Copy out all of the lines below exactly; the pictures do not belong in the copy.

(Records from a data source)
———

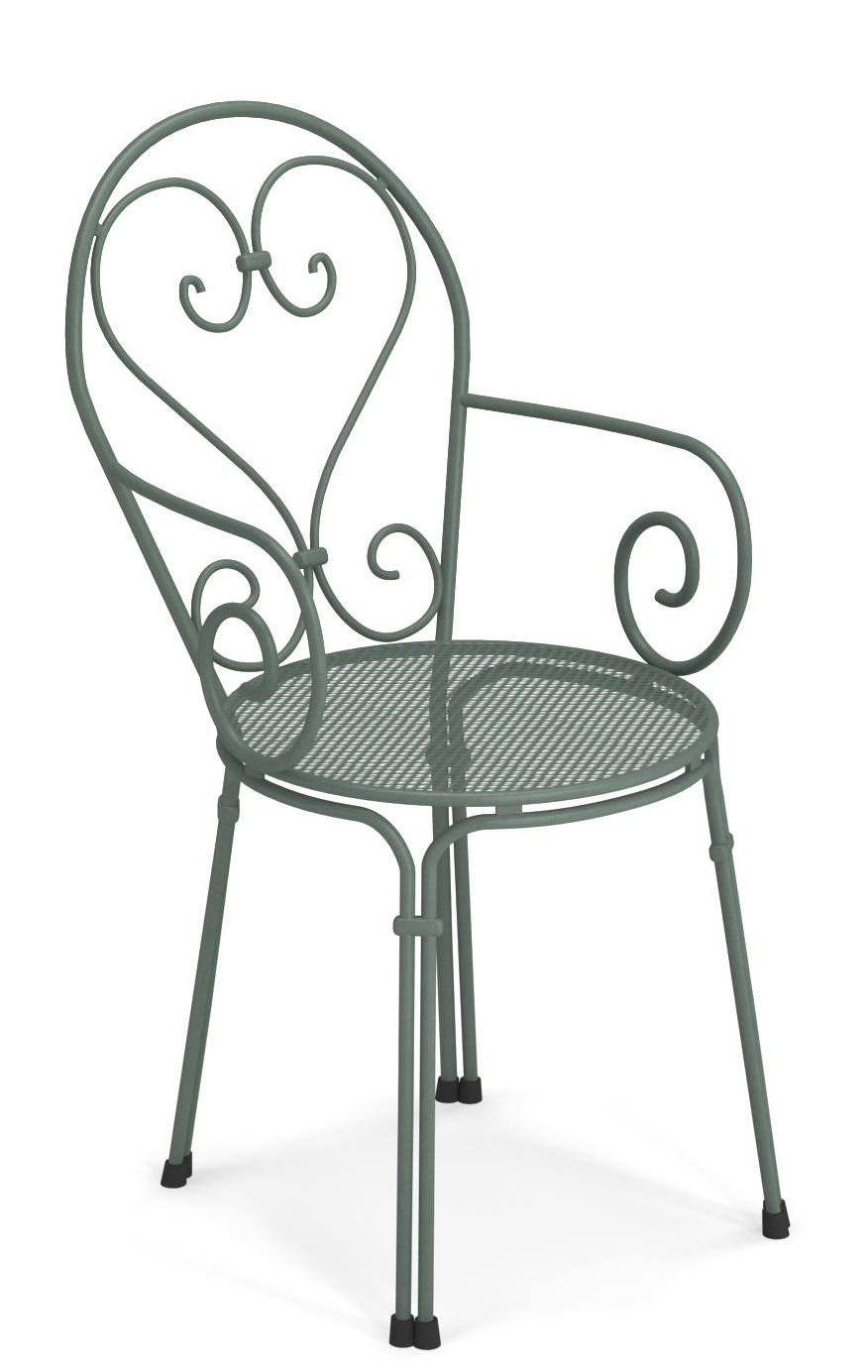 Pigalle Stuhl Outdoor Emu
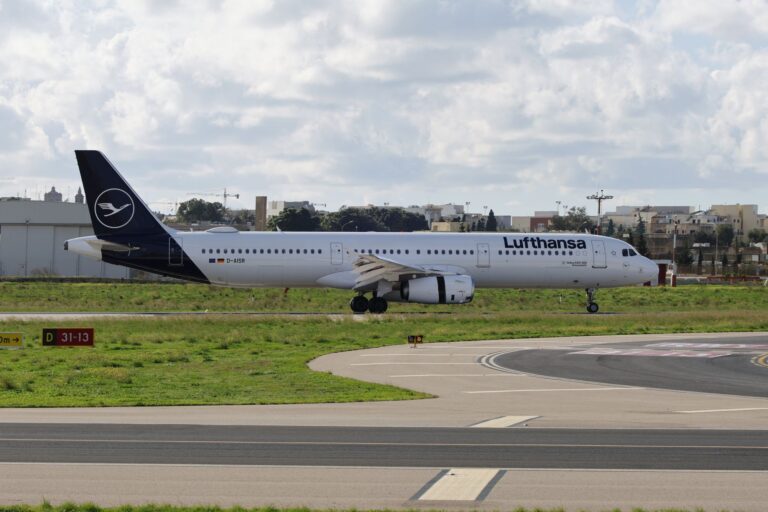 Lufthansa remporte l’appel d’offres pour une participation de 44,9 % dans TAP Air Portugal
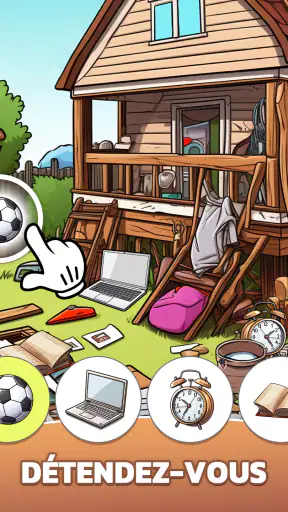 Hidden Folks・Chasse au Trésor screenshot 11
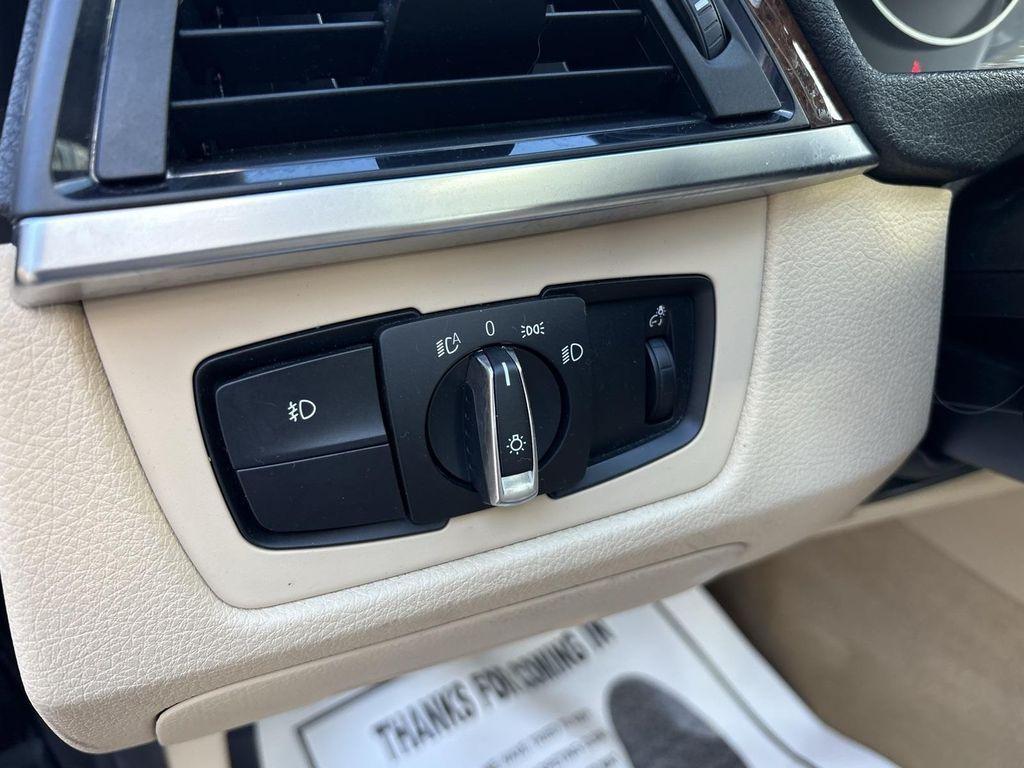 used 2015 BMW 328 car, priced at $9,995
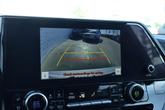 Thumbnail of 2023 Celestial Silver Metallic Toyota Highlander Hybrid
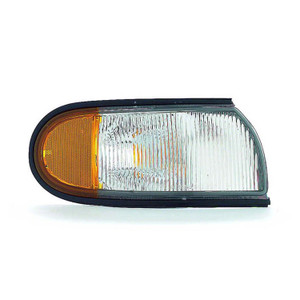 Upgrade Your Auto | Replacement Lights | 93-95 Mercury Villager | CRSHL09612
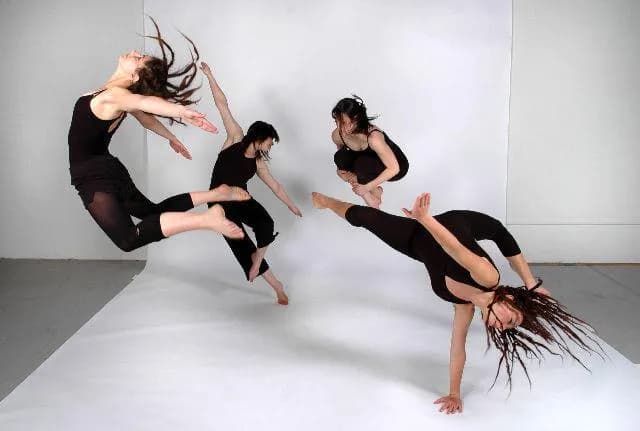 Jakie są style tańca? Odkryj różnorodność i ich fascynujące cechy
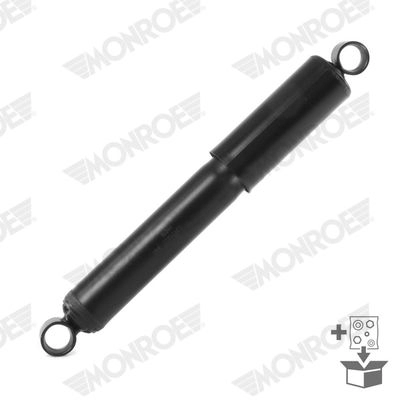 Амортизатор MONROE D8443S X 22L5 1440268008 изображение 1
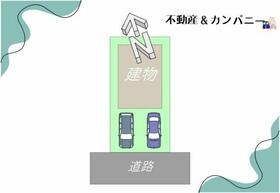 愛媛県松山市北斎院町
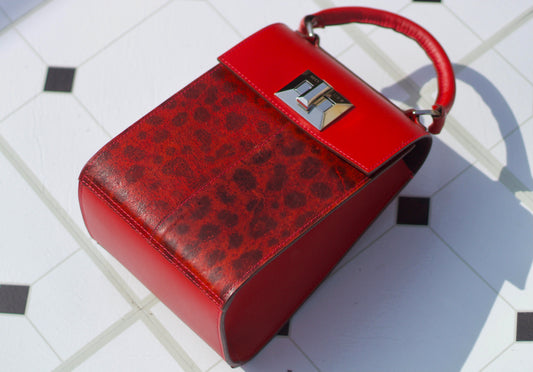 Scarlett Meredith | Icelandic Wolffish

———

# [Answer to this exercise]
 Pigalle Stuhl Outdoor Emu
 Lufthansa remporte l’appel d’offres pour une participation de 44,9 % dans TAP Air Portugal
 Hidden Folks・Chasse au Trésor screenshot 11
 used 2015 BMW 328 car, priced at $9,995
 Thumbnail of 2023 Celestial Silver Metallic Toyota Highlander Hybrid
 Upgrade Your Auto | Replacement Lights | 93-95 Mercury Villager | CRSHL09612
 Jakie są style tańca? Odkryj różnorodność i ich fascynujące cechy
 Амортизатор MONROE D8443S X 22L5 1440268008 изображение 1
 愛媛県松山市北斎院町
 Scarlett Meredith | Icelandic Wolffish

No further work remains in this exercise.